Laut einem Bericht des "Kurier" vom Sonntag betrat G. formell nicht einmal österreichischen Boden. Der Russe sei noch im Transitbereich des Flughafens mit den litauischen Vorwürfen konfrontiert worden, heißt es in dem "Kurier"-Artikel. Daraufhin habe er sich entschlossen, nach Moskau zurückzufliegen. Dort sagte G. der russischen Nachrichtenagentur RIA Novosti am Samstag, er wolle sich nach der Aufregung zunächst einmal ausruhen. Litauen versuche 20 Jahre nach den Geschehnissen, Personen verantwortlich zu machen, "die nichts damit zu tun" hätten.

Widersprüchliche, unklare Aussagen

Zu der Affäre gibt es eine Reihe teils widersprüchlicher und unklarer Aussagen. Die litauische Justiz behauptet entgegen den österreichischen Angaben, sämtliche Erfordernisse für einen gültigen Europäischen Haftbefehl erfüllt zu haben. Eine Aussendung der Vilniuser Generalstaatsanwaltschaft vom Samstag ist bezüglich der Details allerdings etwas verwirrend und unscharf formuliert.
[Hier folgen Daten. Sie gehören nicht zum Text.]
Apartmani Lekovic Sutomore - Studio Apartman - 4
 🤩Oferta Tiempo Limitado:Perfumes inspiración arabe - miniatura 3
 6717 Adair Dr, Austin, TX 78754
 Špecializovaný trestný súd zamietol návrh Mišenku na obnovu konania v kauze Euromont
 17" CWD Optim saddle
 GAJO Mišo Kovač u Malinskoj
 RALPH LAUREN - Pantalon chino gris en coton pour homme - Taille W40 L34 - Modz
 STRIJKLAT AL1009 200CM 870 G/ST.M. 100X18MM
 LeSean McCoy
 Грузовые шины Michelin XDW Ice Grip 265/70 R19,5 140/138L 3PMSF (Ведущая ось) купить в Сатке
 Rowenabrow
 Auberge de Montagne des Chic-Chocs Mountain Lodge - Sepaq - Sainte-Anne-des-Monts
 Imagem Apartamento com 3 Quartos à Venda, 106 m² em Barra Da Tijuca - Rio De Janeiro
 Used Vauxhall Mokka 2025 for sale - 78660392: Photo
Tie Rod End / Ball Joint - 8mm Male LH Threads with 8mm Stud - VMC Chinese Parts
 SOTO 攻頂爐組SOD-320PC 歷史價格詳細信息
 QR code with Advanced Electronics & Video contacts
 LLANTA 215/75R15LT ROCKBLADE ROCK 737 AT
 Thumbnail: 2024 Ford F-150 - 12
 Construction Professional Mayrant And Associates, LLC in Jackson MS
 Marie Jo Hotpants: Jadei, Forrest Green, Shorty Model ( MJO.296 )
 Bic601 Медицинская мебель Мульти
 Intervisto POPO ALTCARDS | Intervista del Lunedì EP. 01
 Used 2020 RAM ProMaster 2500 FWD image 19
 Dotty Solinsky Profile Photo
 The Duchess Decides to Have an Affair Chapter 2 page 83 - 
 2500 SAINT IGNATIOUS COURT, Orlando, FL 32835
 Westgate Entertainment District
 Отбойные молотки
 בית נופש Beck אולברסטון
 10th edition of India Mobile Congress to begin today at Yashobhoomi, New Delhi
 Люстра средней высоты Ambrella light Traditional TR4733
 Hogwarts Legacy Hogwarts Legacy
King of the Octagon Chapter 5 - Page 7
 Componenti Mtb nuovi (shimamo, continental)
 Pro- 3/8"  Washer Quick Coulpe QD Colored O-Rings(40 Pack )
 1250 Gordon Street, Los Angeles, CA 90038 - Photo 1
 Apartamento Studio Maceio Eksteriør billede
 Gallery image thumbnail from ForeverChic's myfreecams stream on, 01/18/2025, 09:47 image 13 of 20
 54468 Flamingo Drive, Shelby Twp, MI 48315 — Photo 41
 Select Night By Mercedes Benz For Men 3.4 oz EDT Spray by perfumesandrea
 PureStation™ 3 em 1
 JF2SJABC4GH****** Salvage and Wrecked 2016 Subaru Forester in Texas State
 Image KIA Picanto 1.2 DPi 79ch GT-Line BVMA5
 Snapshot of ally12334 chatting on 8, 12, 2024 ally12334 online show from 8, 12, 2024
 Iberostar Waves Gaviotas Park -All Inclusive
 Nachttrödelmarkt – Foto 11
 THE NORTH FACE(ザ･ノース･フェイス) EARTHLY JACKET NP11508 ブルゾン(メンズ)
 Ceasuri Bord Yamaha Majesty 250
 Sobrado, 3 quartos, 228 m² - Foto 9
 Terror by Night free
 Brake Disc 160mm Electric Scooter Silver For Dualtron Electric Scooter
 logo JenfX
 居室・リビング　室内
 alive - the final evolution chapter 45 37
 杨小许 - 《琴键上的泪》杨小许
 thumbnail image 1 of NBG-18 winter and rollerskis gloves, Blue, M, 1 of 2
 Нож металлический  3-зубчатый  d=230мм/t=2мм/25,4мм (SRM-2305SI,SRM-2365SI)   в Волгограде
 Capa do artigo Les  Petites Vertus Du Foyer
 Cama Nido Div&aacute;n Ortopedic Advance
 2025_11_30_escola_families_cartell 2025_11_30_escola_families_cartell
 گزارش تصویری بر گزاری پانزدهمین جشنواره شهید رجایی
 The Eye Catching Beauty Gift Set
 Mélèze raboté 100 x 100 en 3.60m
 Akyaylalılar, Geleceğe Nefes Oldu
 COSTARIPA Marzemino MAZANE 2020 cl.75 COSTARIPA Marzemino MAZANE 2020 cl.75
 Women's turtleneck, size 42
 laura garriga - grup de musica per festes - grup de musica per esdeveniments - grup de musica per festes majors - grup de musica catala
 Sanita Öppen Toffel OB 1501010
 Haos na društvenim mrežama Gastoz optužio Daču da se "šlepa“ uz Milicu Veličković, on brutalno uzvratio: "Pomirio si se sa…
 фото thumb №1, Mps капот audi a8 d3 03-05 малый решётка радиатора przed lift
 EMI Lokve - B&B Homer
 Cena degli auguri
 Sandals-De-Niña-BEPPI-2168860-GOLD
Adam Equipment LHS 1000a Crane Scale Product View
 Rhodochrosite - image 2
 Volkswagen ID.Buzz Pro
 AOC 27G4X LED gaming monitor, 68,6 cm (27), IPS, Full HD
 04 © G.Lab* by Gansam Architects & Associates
Der angeklagte Ex-KGB-Offizier war in den Jahren 1991-92 Kommandant der Sondereinheit "Alpha" und in die Kampfhandlungen rund um den Vilniuser Fernsehturm in der Nacht vom 12. auf den 13. Jänner vermutlich maßgeblich involviert. Damals starben vier Menschen. Je nach litauischer oder russischer Überlieferung wurden zwischen 600 und 1.000 weitere Menschen verletzt.

Freiheitsmythos

Die "Jänner-Ereignisse" in Litauen des Jahres 1991, inklusive der auch als "Blutsonntag" oder "Blutnacht" bezeichneten Kampfhandlungen rund um den Fernsehturm, waren eine Folge der von der Sowjetunion damals nicht anerkannten einseitigen Unabhängigkeitserklärung Litauens. Im Baltikum dienen die Ereignisse vielfach als Freiheitsmythos. Litauen sieht die Verantwortung für die Opfer ausschließlich bei der sowjetischen Führung. In der russischen Betrachtungsweise wird immer wieder auf den angeblich von der litauischen Führung befohlenen Einsatz von Scharfschützen hingewiesen, sowie darauf, dass auch ein "Alpha"-Soldat zu den Toten gehörte.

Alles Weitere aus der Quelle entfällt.